The government report found Indigenous children were placed in the care of relatives or other Indigenous carers in 68 percent of cases in 2016-17.
Earlier on Tuesday, the Courier Mail ran a headline claiming Mr Gillespie wanted to let ‘white families’ adopt Aboriginal child abuse victims.
But Mr Gillespie told SBS News he wanted adoptions to be more common for both Indigenous and non-Indigenous children. “I’ve never looked at life through the prism of race or culture,” he said.
Indigenous children are seven times more likely to find themselves in the child protection system than non-Indigenous children, according to the report, making up 37 percent of the long-term foster care population.
“There’s a fear that we would create another Stolen Generation but I’m not advocating that,” Mr Gillespie said.
“I’m looking at open adoption where the family knows where the child is and the child knows where the family is, but they’re in a permanent safe caring environment.”
The National Congress of Australia’s First Peoples released a statement saying any changes to the system should be designed in consultation with Indigenous groups.
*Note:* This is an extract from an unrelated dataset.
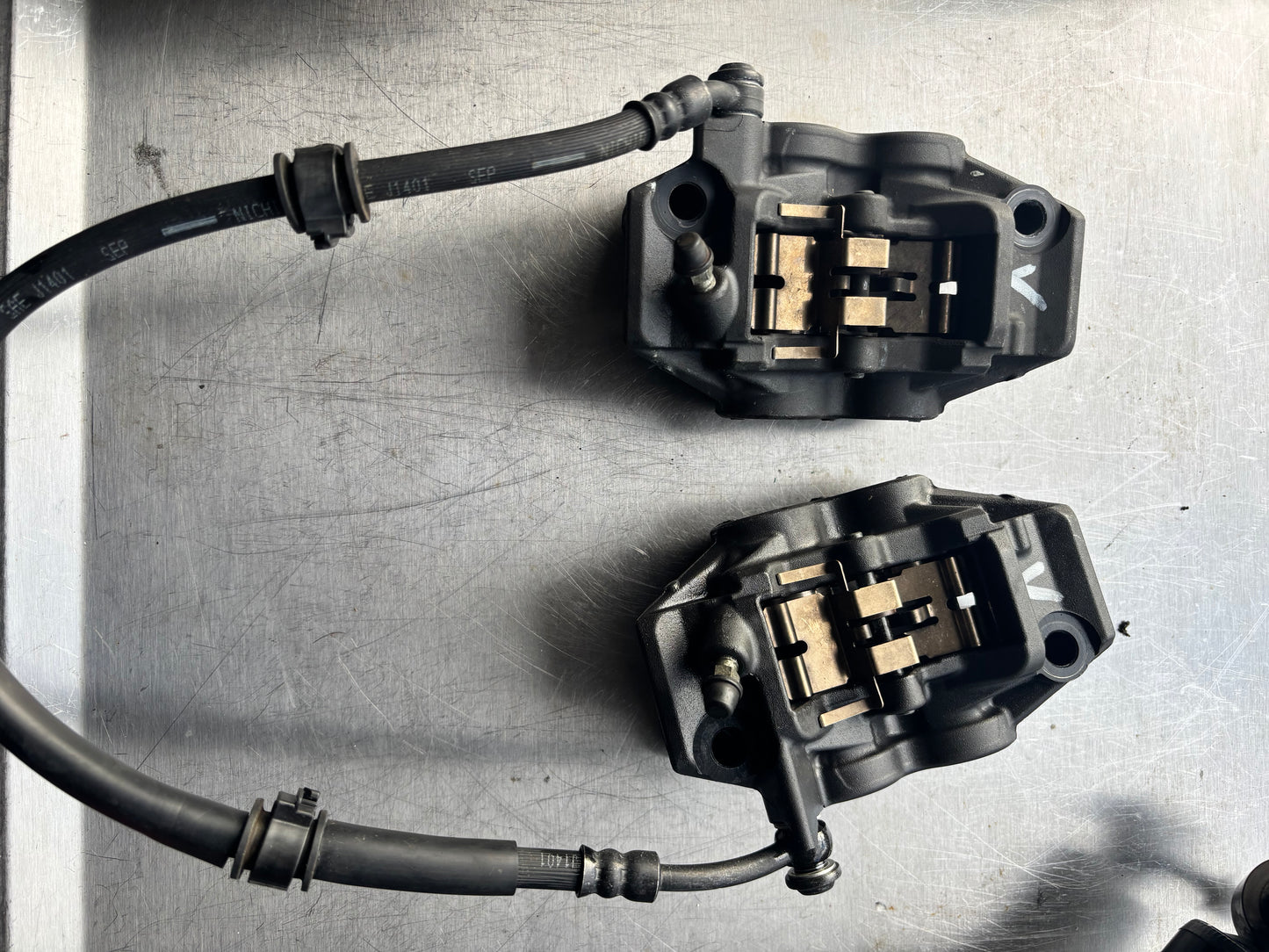 Étrier paire avant  yamaha mt 09 2021-2024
“National Congress agrees that vulnerable children should be removed, but we are troubled by the knowledge from past Royal Commissions of the dangers of neglect and abuse perpetrated within institutions and of the failures of many out-of-home-care alternatives,” the peak Indigenous body wrote.
“We desperately need to know: where we are removing our children to? Their new environment must allow them to thrive.”